What is required —
Your job is to transcribe the material exactly, every line included.

Input material —
::::::::

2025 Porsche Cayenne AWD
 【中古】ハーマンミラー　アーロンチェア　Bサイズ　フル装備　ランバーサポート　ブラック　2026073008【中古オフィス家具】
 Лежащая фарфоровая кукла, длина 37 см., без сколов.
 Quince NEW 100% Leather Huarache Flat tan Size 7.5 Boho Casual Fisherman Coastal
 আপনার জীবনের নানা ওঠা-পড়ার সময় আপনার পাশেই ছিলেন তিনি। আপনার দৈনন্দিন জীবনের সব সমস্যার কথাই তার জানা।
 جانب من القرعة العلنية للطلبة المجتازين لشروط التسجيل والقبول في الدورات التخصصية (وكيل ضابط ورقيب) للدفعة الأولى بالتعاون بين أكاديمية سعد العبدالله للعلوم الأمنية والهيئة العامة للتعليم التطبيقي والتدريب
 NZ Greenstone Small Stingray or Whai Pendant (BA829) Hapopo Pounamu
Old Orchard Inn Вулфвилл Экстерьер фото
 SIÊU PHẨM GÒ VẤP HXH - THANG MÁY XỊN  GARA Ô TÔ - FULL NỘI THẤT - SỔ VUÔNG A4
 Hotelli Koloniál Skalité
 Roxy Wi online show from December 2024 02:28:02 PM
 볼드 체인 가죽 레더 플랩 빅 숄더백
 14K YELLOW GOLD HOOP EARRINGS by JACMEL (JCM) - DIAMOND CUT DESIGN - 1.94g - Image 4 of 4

::::::::

Result of the task —
2025 Porsche Cayenne AWD
 【中古】ハーマンミラー　アーロンチェア　Bサイズ　フル装備　ランバーサポート　ブラック　2026073008【中古オフィス家具】
 Лежащая фарфоровая кукла, длина 37 см., без сколов.
 Quince NEW 100% Leather Huarache Flat tan Size 7.5 Boho Casual Fisherman Coastal
 আপনার জীবনের নানা ওঠা-পড়ার সময় আপনার পাশেই ছিলেন তিনি। আপনার দৈনন্দিন জীবনের সব সমস্যার কথাই তার জানা।
 جانب من القرعة العلنية للطلبة المجتازين لشروط التسجيل والقبول في الدورات التخصصية (وكيل ضابط ورقيب) للدفعة الأولى بالتعاون بين أكاديمية سعد العبدالله للعلوم الأمنية والهيئة العامة للتعليم التطبيقي والتدريب
 NZ Greenstone Small Stingray or Whai Pendant (BA829) Hapopo Pounamu
Old Orchard Inn Вулфвилл Экстерьер фото
 SIÊU PHẨM GÒ VẤP HXH - THANG MÁY XỊN  GARA Ô TÔ - FULL NỘI THẤT - SỔ VUÔNG A4
 Hotelli Koloniál Skalité
 Roxy Wi online show from December 2024 02:28:02 PM
 볼드 체인 가죽 레더 플랩 빅 숄더백
 14K YELLOW GOLD HOOP EARRINGS by JACMEL (JCM) - DIAMOND CUT DESIGN - 1.94g - Image 4 of 4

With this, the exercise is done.